She meant me, of course, not Monkeyface.
It was cold. We were in the kitchen. I was sitting by the stove. I was waiting to see if Mr Cimbura would leave or sit down. If he sat down, he’d be with us for the evening. I wanted Sister Alberta to myself.
‘And black-egg sods always cut their mothers,’ said Mr Cimbura.
Well, if Monkeyface cut our mum, I’m not surprised she wanted rid of him, I thought.
‘And they cut themselves on the eggshell as well, on their way out. That’s why they turn out to be sods,’ added Mr Cimbura, then he sat down.
‘But he’s a baby, for goodness sake!’ said Sister Alberta. ‘There, there, my ugly little duckling,’ said Sister Alberta to Monkeyface. ‘Isn’t that right, little sausage?’ He was washed clean now. Then he fell asleep.

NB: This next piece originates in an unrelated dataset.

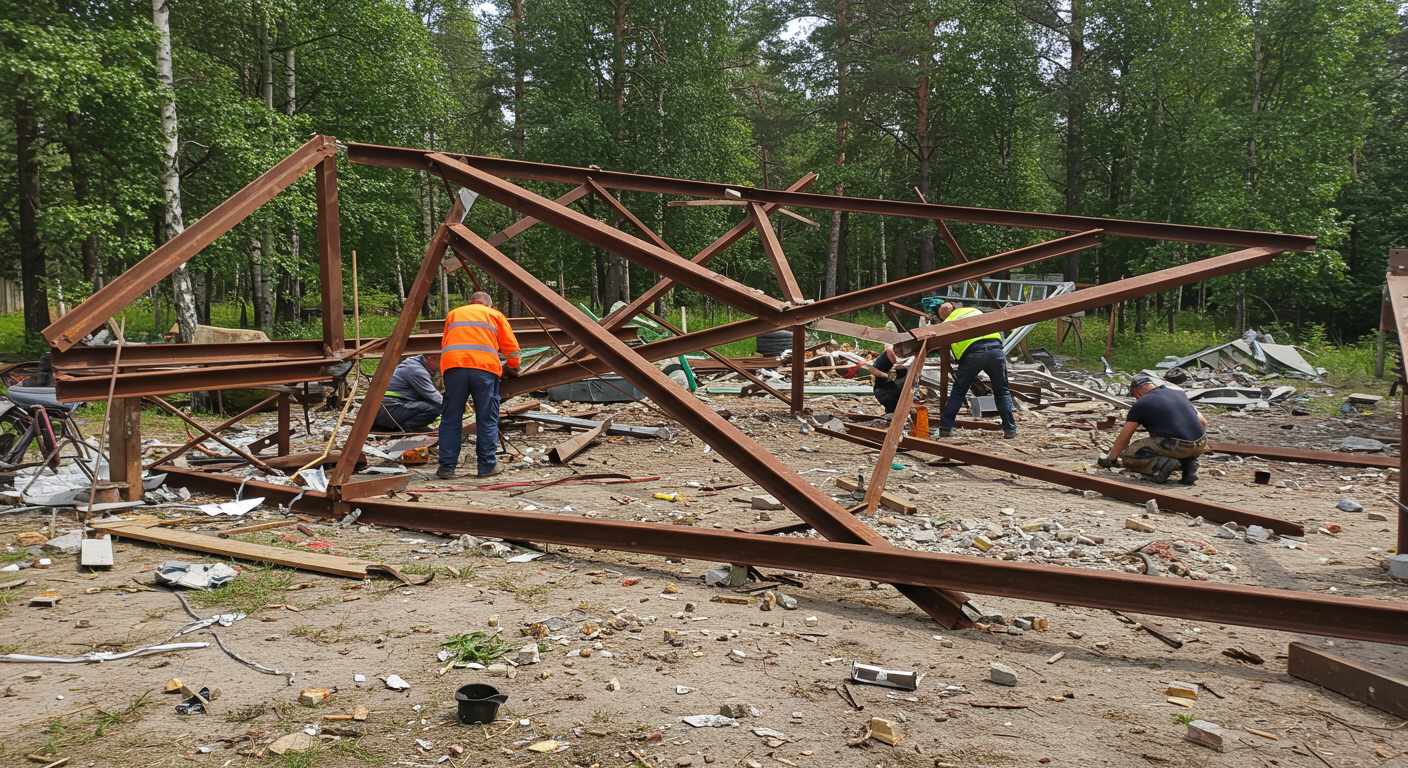 Демонтаж металлоконструкций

But why Mum got rid of me too was puzzling. Mr Cimbura said he didn’t know.
‘But I ain’t surprised, lad, I ain’t surprised at all,’ he kept nodding as went out to the woodshed with an axe. It was freezing cold and Sister Alberta sent us to the woodshed time and time again.
We used to live in the kitchen before the home became the Home. We lived in the kitchen and went outside to the woodshed. Because of Monkeyface we used to go to church.
Mr Cimbura led the way to church, trampling a path through the snow, because it had been snowing. The pond on the green was iced over. Our path linked up with other trampled paths. Till then I hadn’t a clue what a pond was or what a green was, so I stared. Mr Cimbura went first, stamping down the snow, then I came next, and I also stamped. We were followed by Sister Alberta. She had Monkeyface in her arms. Those days anybody could have lifted him. We went to church to have him made better.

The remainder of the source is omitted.